Reflecting changes from earlier decades, six of the fastest-growing metro areas in 2010-2020 were located in the traditional Sun Belt magnet states of Texas (Austin, Houston, Dallas, and San Antonio) and Florida (Orlando and Jacksonville), along with three southeastern metro areas (Raleigh, N.C., Charlotte, N.C., and Nashville, Tenn.) as well as Seattle.
Brookings notes that every metro area with greater than 10% growth is located in either the South or West except three: Columbus, Indianapolis, and Minneapolis-Saint Paul. I was pleasantly surprised to find Indianapolis in that category. (The rapidly changing populations of Florida and Texas may help to explain the increasingly frantic efforts of Abbott and DeSantis to energize their GOP bases before the demographic shift overtakes them…)

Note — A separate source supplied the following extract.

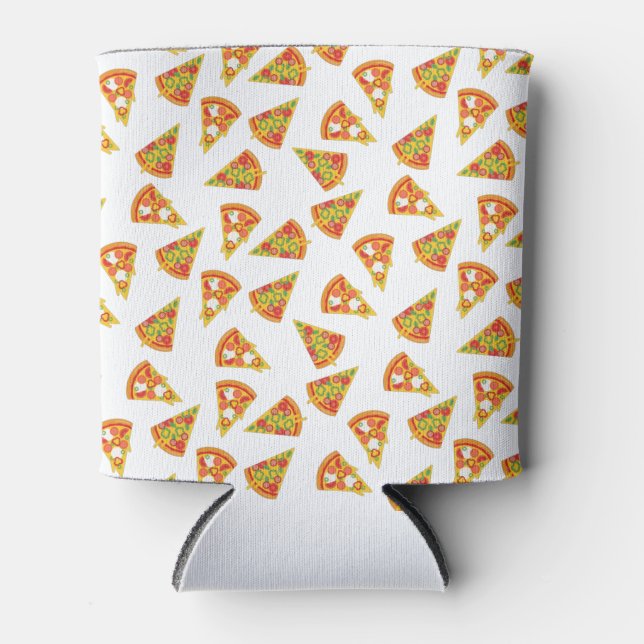 Rafraîchisseur Pour Canette Love Pizza   (Devant)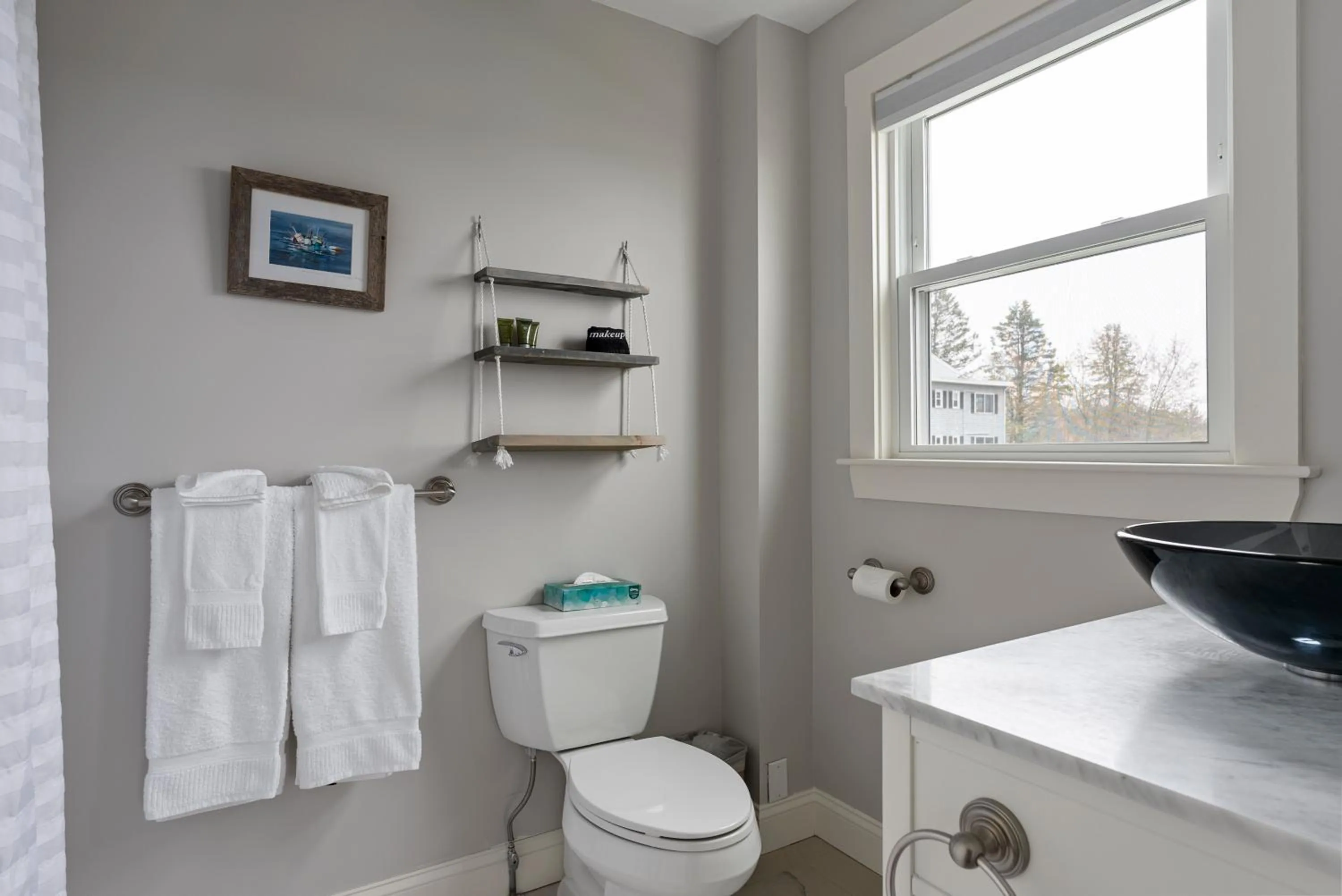 Bathroom in The Nonantum Resort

The most politically potent information was the data on increased diversity.
The 2010-2020 decade continued the nation’s “diversity explosion” that was already evident in the 2010s. This was especially the case among the nation’s major metro areas. While people of color (those identifying as Latino or Hispanic, Black, Asian American, Native Hawaiian or other Pacific Islander, Native American/Alaska Native, or as two or more races) together comprise more than two-fifths (42%) of the total U.S. population, they now comprise over half (50.3%) of the combined populations of major metro areas.
The impact of this minority concentration is most apparent in 20 of the 56 major metro areas, where people of color now comprise more than half of the 2020 population. This was the case for only 14 major metro areas in 2010 and just nine in 1990. The newcomers to this category are metro area Dallas, Orlando, Fla., Atlanta, Sacramento, Calif., New Orleans, and Austin, Texas. As shown in Map 2, most of these are located in California and Texas, where the greatest minority populations tend to be Latino or Hispanic. Metro area Chicago is close to being next in tipping to minority-white status.
Rising diversity is not specific only to these minority-white metro areas. Each of the nation’s 56 major metro areas registered a decline in its white population share since 2010 and, in 41, the decline was 5 percentage points or more. Metro area Seattle led all others, with a decline from 68% white in 2010 to 58% in 2020. Las Vegas experienced the largest 20-year change, from 60% white in 2000 to 39% in 2020.
Brookings also looked at the data on neighborhood segregation, finding limited improvement nationally. Milwaukee, interestingly, remains the most highly segregated city in the U.S.
Another very troubling finding was an absolute decline in the youth population.
The 2020 census data allows for an assessment of the size and recent changes in the nation’s under-age-18 population (referred to here as the “youth” population).
An especially noteworthy finding is the overall decline in this population by over 1 million during the 2010- 2020 decade. In a country that is rapidly aging, such an absolute decline in the youth population represents a demographic challenge for the future.
As White American fertility has declined, the percentage of the youth cohort that is White has also declined.
The 2020 census shows that more than half of the youth population in 37 major metro areas are people of color, up from 24 in 2010 and 16 in 2000. The rise of youths of color is a key element of the changing demographics of America’s under-age-18 population. These groups have not only stemmed a sharp decline in the youth population but, as they age, will be driving most of the growth in the nation’s labor force.
There’s lots more data and many charts at the link, but the overall picture is clear: America is becoming more urban; it is also aging and rapidly diversifying. Many older White Americans perceive these demographic shifts as an assault–not just on their status as the “real Americans,” but on their very concept of what America is.
They’re terrified and they’re angry. And they’ll vote for candidates who promise to prevent the inevitable.